The Antikythera mechanism is a complex, ancient analog computer composed of at least 30 bronze gears. Analysis of the fragmented device has shown that it most likely had more than 30 gears, which enabled the device to accurately follow the movement of the Moon and the sun through the zodiac, predicting eclipses along the way. Scholars say the artifact was even possible to model the irregular orbit of the Moon, where the Moon’s velocity is higher in its perigee than in its apogee.

Its original creator remains lost to history, although scholars believe that ancient Greek astronomer Hipparchus of Rhodes may have participated in some way in the construction of the machine.

Its blueprints, just as its origin are lost to history, and the knowledge of building this type of technology was lost in antiquity. Although technological works that resemble the mechanism appeared in the medieval Byzantine and Islamic world, devices with a complexity similar or equal to the Antikythera mechanism did not appear until the creation of the astronomical clocks in Europe during the fourteenth century.

If the Great Pyramid of Giza is the only standing ancient wonder of the world, then the Antikythera mechanism surely deserved the title as the most sophisticated and mysterious technological device of the ancient world.

The enigma surrounding the Phaistos Disc

Another striking artifact dating back to ancient Greek was discovered in 1908 by Italian archaeologist Luigi Pernier inside the ancient Minoan palace-site of Phaistos.

The ancient disk measures 15 centimeters in diameters and is covered with an intricate series of symbols and spirals on both sides.

The side B of the disc of Phaistos, as displayed in the Archaeological Museum of Heraklion after the 2014 renovation. Image Credit: Wikimedia Commons.
The side B of the disc of Phaistos, as displayed in the Archaeological Museum of Heraklion after the 2014 renovation. Image Credit: Wikimedia Commons.

Considered one of the greatest archeological mysteries in history, the Phaistos disk has refused to reveal any of its secrets. Until this date, its original place of manufacture, meaning, and purpose remain highly debated subjects among scholars.

It features 231 tokens composed of 45 distinct signs, which are believed to have been made on the surface of the disc by pressing down a kind of hieroglyphics seal into the disc of soft clay. The message the disk bears has still not been translated, although numerous attempts at doing so have been made. According to scholars, the Phaistos disk has 61 “words,” 31 on side A, and 30 on side B.

Scholars say that its contents are not clear to be a script, although most attempted decipherments suggest that it may be. The reason why experts have not been able to decipher the message is that there are no known examples of identical or similar symbols like those on the disk on any other artifact from antiquity.

A 7,000-year-old Bird-man?

Literally referred to as a 7,000-year-old archaeological enigma, the small statue which experts say depicts a bird-like figure was carved from granite without the use o metal tools.

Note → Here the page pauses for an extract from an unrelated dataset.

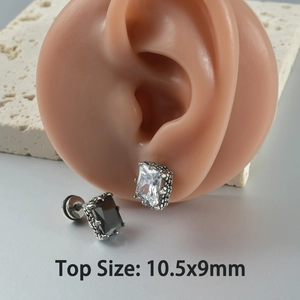 Vintage claw-set zircon stud earrings in black and white on a model ear, size 10.5x9mm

Initial analysis has revealed the statue most likely dates back form the Final Neolithic Period. The exact region where the item was carved remains a mystery, although some experts suggest that it originated somewhere from the northern Greek regions of Thessaly or Macedonia.

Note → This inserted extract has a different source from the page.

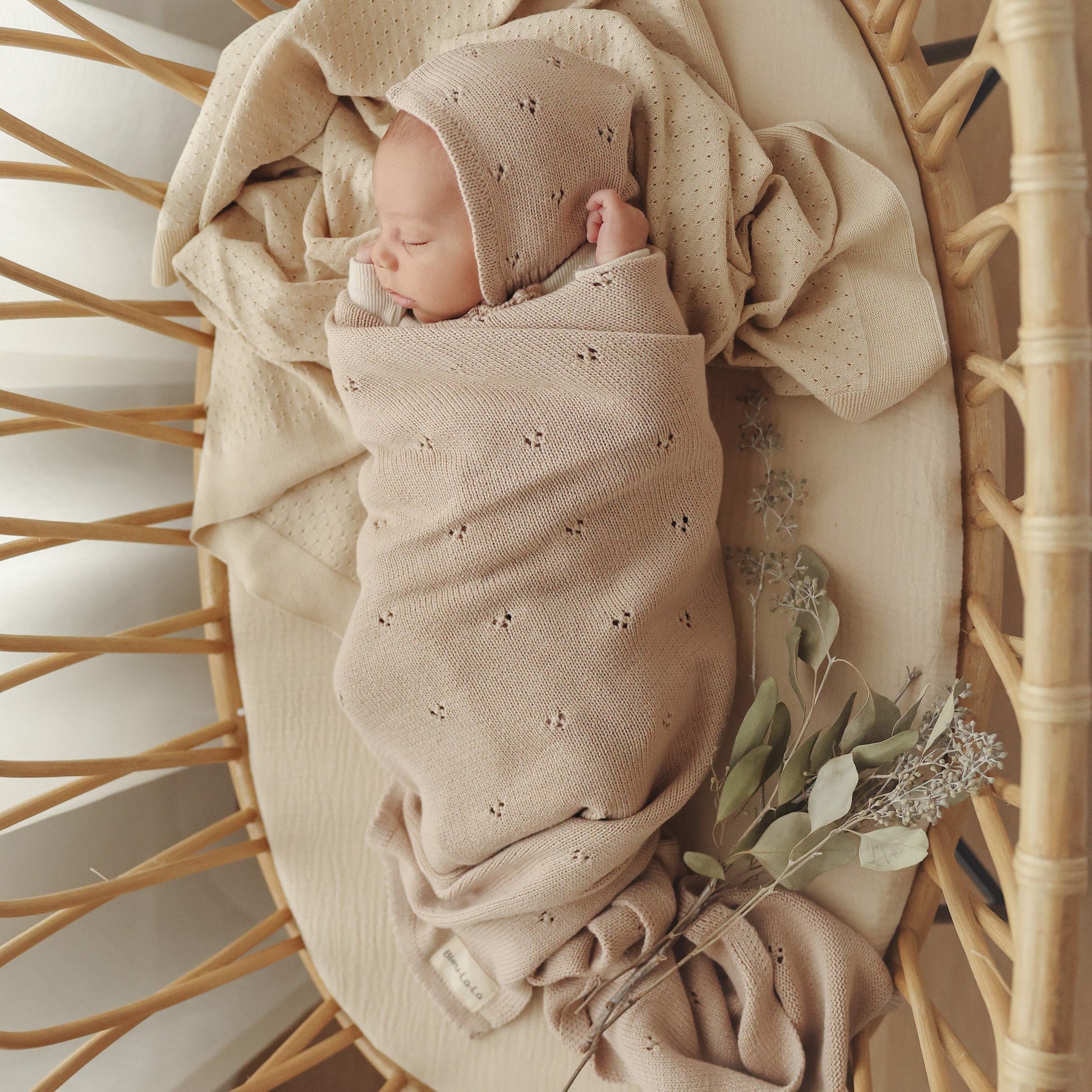 Newborn baby wrapped in a beige swaddle with a matching bonnet, lying on a wooden basket.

Measuring 36 centimeters, the odd figurine has a pointed nose, cylindrical legs, and a round belly. Its origins and exact purpose remain an enigma. According to the National Archaeological Museum in Athens, the figure is asexual as it displays no signs of breasts or genitals.

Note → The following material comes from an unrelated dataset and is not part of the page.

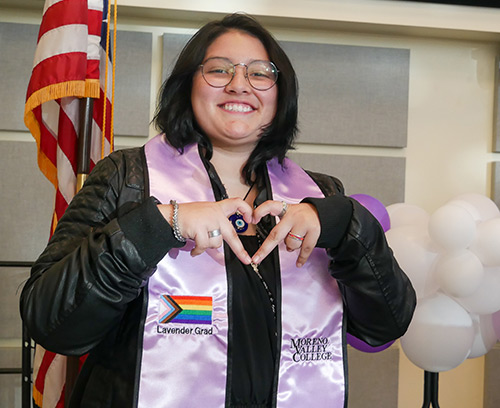 A lavender graduate wears her sash and makes a heart with her fingers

Whether the lack of breasts or genitals is intentional or not remains disputed and may be the result of the challenging process of carving granite without the use of metal tools.

Some scholars argue that it may have been intentional, bearing a message from ancient societies about gender.

“It could depict a human-like figure with a bird-like face or a bird-like entity which has nothing to do with man but with the ideology and symbolism of the Neolithic society,” revealed Katya Manteli, an archaeologist with the museum, in an interview with Reuters.

The bird-like figure is unique since unlike most Neolithic figures, which were made of soft stone, this one was carved of hard rock despite the lack of metal tools of the time.